Po tylu księżycach nic nie robienia, postanowiła przyłożyć się choć trochę do nauki. Tak by było znośnie, ale miała czas na inne rzeczy. Odtąd gdy Wschód pytał Owieczkę, ona przyłączała sie do nich. Nie znała oczywiście wiele ziół, ale po jakimś czasie, jej wiedza trochę się powiększyła. Wiedziała, że lepiej jest umieć te podstawowe leki. Raczej jej nastawienie do życia się nie zmieniło, lecz większa przykładność raczej zdziwiła medyka. Minusem było częstsze sprawdzanie tego co wiedziała. Czy Wschód postradał zmysły, czy najadł się nieświeżej zwierzyny. Zaczął w nią wierzyć. Ona niestety musiała przez to czasem nawet przed snem przebierać ziółka by przypominać sobie ich nazwy. Wolała zajęcia praktyczne. Wychodzenie poza obóz, albo jeszcze lepiej, za Ogrodzenie. To ją ciekawiło. No i teraz właśnie wychodzili z obozu.
      Wschód chciał zabrać obie uczennice, więc byli w minimalnej odległości od ich legowiska. Poszli właściwie tuż za nie.

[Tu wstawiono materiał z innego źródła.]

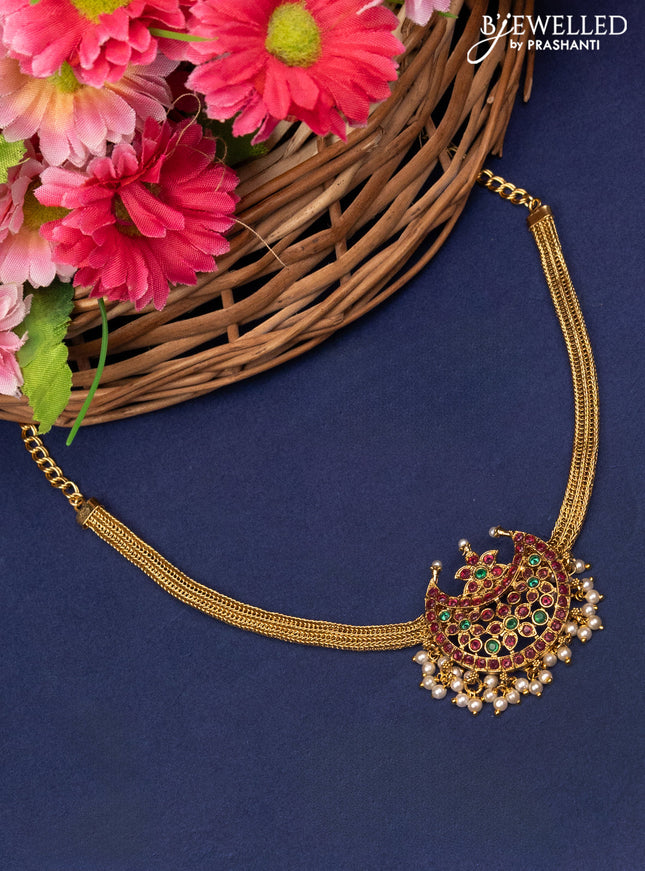 Antique attigai choker chandbali pendant with kemp stones and pearl hangings without earrings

W razie jakiegoś wypadku, ktoś mógł po nich przybiec. Raczej nic i tak by się nie miało stać. Wszyscy tu chyba raczej uważali na swoje zdrowie oraz życie. Zawsze jednak mógł ktoś sobie coś zrobić, czasem jest to skutek działania sił wyższych a czasem nie. Powracając, Brzoskwinka kroczyła z podniesionym ogonem tuż obok Wschodu i Owieczki, rozglądając się po otoczeniu.
- Dobrze, tutaj się zatrzymamy. Nie możemy zbyt się oddalać, ale i tutaj da się znaleźć zioła.- miauknął medyk z uśmiechem patrząc się na uczennice. Młodsza siedziała uważnie słuchając, a druga... Sama nie wiedziała. Położyła się patrząc na małego motylka, który siedział na kwiatku. 
- Brzoskwinko... Słuchasz?
- Tak, tak.- burknęła niezadowolona, że przerwano jej obserwację. Przecież uważała! Z jak najwyższym skupieniem. 
- Dobrze, to powiedz proszę o czym mówiłem...
- Na pewno o czymś ważnym.- odparła. Medyk już chyba się poddał i nie wypytywał więcej. Ona dalej gapiła się na stworzonko.
- Teraz musimy poszukać trochę ziół, najbardziej potrzebujemy trybulę... Brzoskwinko!- Wschód znowu przerwał swój wykład. Teraz jednak nie z błahego powodu. Młoda calico wskakiwała za cytrynkiem na drzewo. Drapała korę, by dostać się na gałąź, która stała się ostoją maleńkiego owada. Po chwili wspinaczki udało jej się dostać na to miejsce. Z pychy zrodzonej z faktu, że w końcu żyli na drzewach, nie zdawała sobie sprawy z niebezpieczeństwa. Powoli skradała się do motyla... Ale oczywiście odleciał. Zrezygnowana fuknęła. Dopiero teraz zaczęły się te kłopoty.
       Oczywiście wchodząc, nie sprawdziła czy może dany odcinek drzewa jest spróchniały. Jak się okazało, był. Ze zdenerwowania tupnęła nogą, a wtedy zaczęło się pod nią łamać. Instynkt podpowiadał jej by skoczyć. Zrobiła to. Pech chciał, że przy lądowaniu źle stanęła. Poczuła piekący ból w przedniej łapie był nie do zniesienia. Syknęła cicho i odsunęła się w razie, gdyby gałąź spadła na ziemię. Całe szczęście tak nie było. Wschód już przybiegł obok niej. 

*****

- To tylko skręcenie. Kilka okładów i będzie po wszystkim.- uśmiechnął się jej mentor. Ona nie była taka szczęśliwa. Owieczka szybko podawała kocurowi potrzebne zioła, w tym rozpoznała liście bzu oraz korzeń żywokostu. Wspaniale. Teraz była zmuszona zostać w legowisku. Przynajmniej miała towarzystwo. Jej wujek we własnej osobie. Uh. A to miał być taki fajny koniec Pory Nowych Liści.